Everybody - thank you again for your time and consideration. I very much appreciate your honesty and creative thinking!
The plant ideas - awesome! The casino leftovers to crawfish idea - very smart. Tilapia - another thinking point. So many great ideas, I am very satisfied to think there is indeed opportunity here.
An update on what is happening...
I am still in Europe - in Spain - and I will be heading back to the Southern U.S. this winter.
The initial plan is to secure a vehicle and a vintage airstream trailer. Getting classy!
I will finally have the opportunity to put my feet on the ground of this property and churn some dirt. See what I'm working with.

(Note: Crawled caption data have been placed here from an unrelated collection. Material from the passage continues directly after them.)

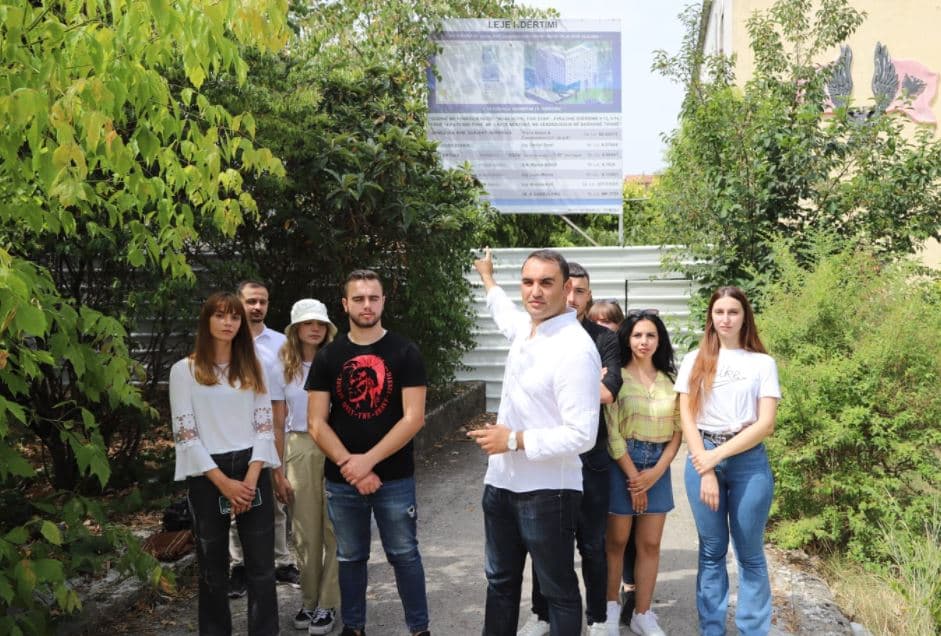 Ndërtimi te Garda/ Këlliçi: Po betonizohet çdo hapësirë publike në Tiranë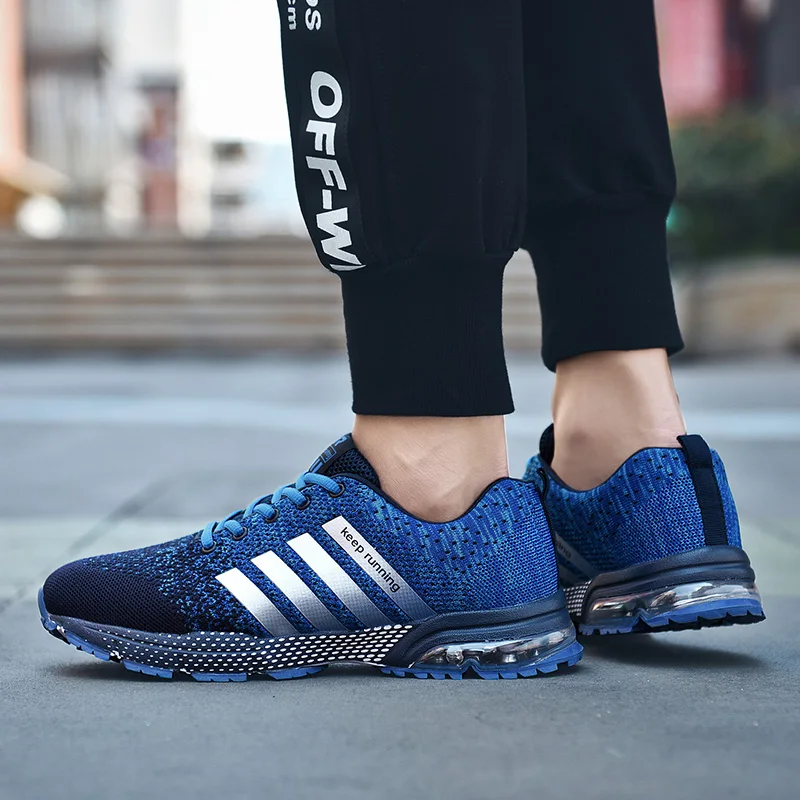 Mens Running Shoes Breathable Shoes for Man Casual Sneaker Men Large Size 48 Comfortable Jogging Gym Shoes Zapatillas De Deporte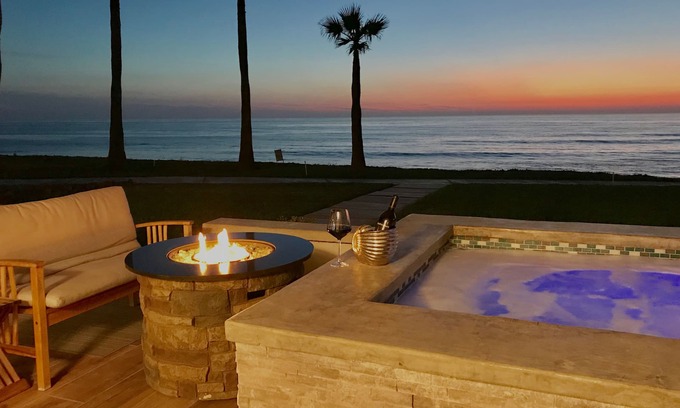 Primo Tapia Casa | Casa de lujo frente al mar con tres terrazas, jacuzzi y magníficas vistas!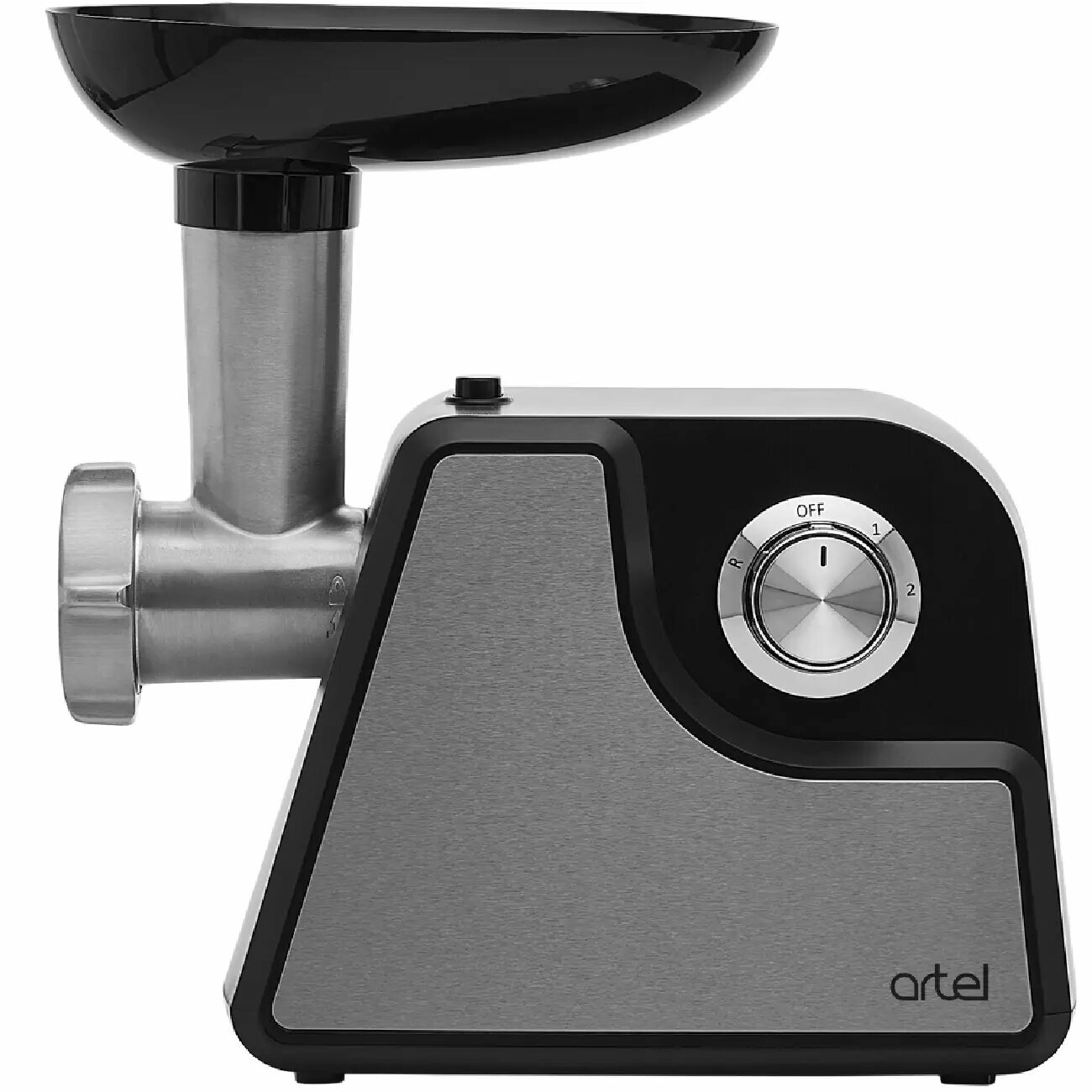 Мясорубка Artel ART-MG-4130, Гарантия: 2 г, Длина сетевого шнура: 1 м, Защита: От перегрузки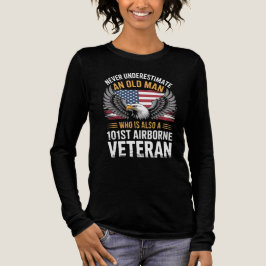 Veteranentag 2025, 101. Im Flugzeug Adleramerikane Tri-Blend Shirt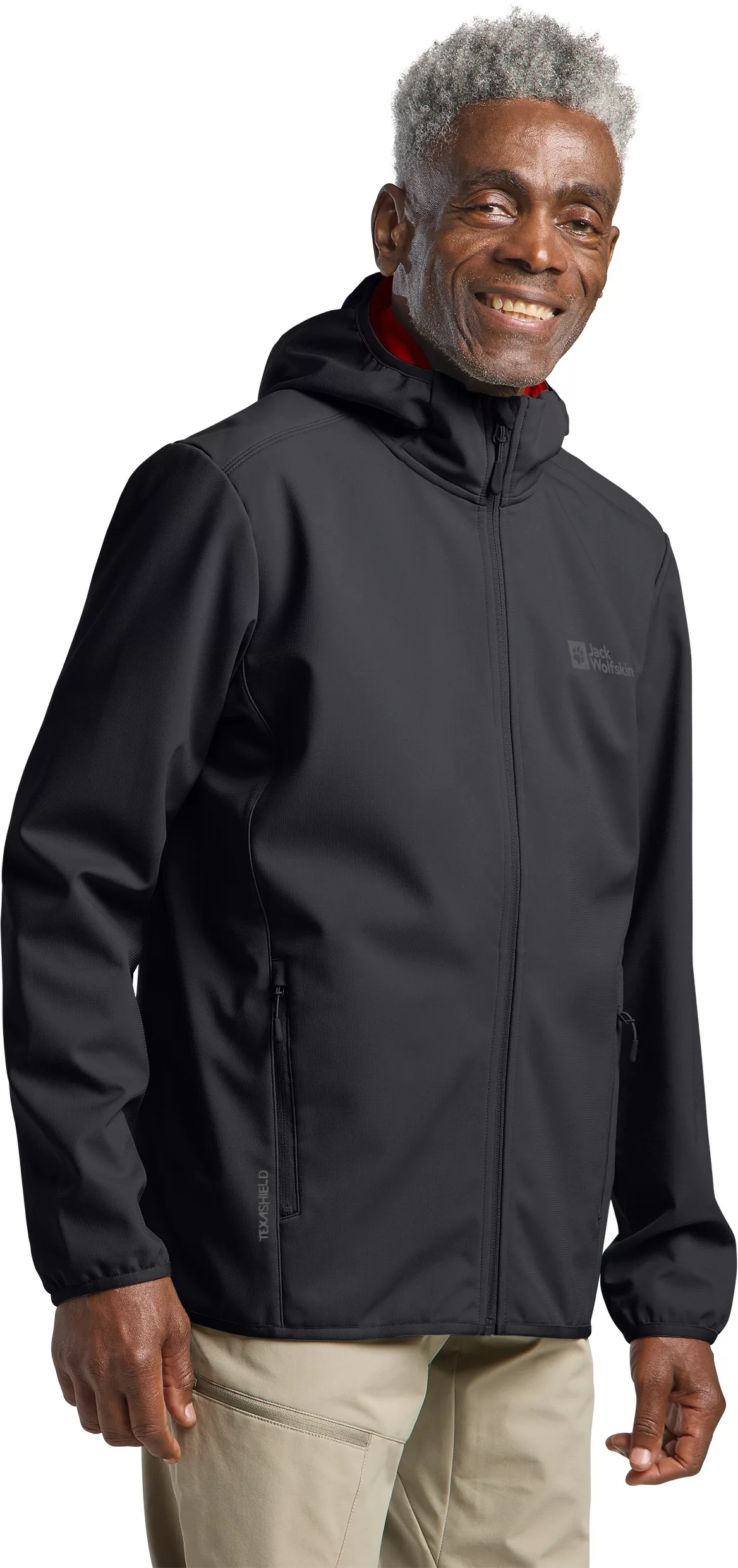 Jack Wolfskin Softshelljacke "BORNBERG HOODY", mit Kapuze, winddicht, wasse günstig online kaufen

If it looks like a solid bet, and I can work out the legalities of living out there via trailer - I'm going to make a go at this.
I will keep everyone posted on my experience, but must first wait until I get there.
In the mean time I have been planting harvested almonds, cactus pats and other crops in erosion damaged areas here in Spain.
Sorry for the delay in writing you all back, and thank you again for your enthusiasm!
Glad to hear you are taking the plunge. I would just add a few thoughts from someone whom grew up along the Gulf Coast. My family comes from Galveston Island, so have a little experience with this type of land. First the 'watch out'. I think this area was ground zero for Hurricane Katrina years back, much like Ike hit Galveston a few years later. What this means is storm surge and the sea coming over the land. It brings a lot of minerals to the soil. Also brings a lot of salt. The Romans salted fields when they wanted to break a conquered people. It is hard to neutralize that effect. Do some soil testing. Otherwise, one would be surprised the bounty that can come from the land near the coast. Near the coast you have access to free and unlimited fertilizer! Composted seaweed is fantastic. Beach communities rake it and haul it at great expense. They may deliver for free if you give them a place to dump it. Also the fishermen, shrimpers, resturaunts, etc... have a lot of waste they have to dispose in the form of heads, tails, guts, etc... Tilling this waste straight into the sandy soil will provide unbelievable yields. My grandfather did this with very sandy backyard and grew a great garden for years in what most considered very marginal soil. Talk to the shrimpers about their waste. Law prohibits it from going over the side of the boat anymore. It is a real problem for them that you are helping to solve. One man's trash is another's treasure.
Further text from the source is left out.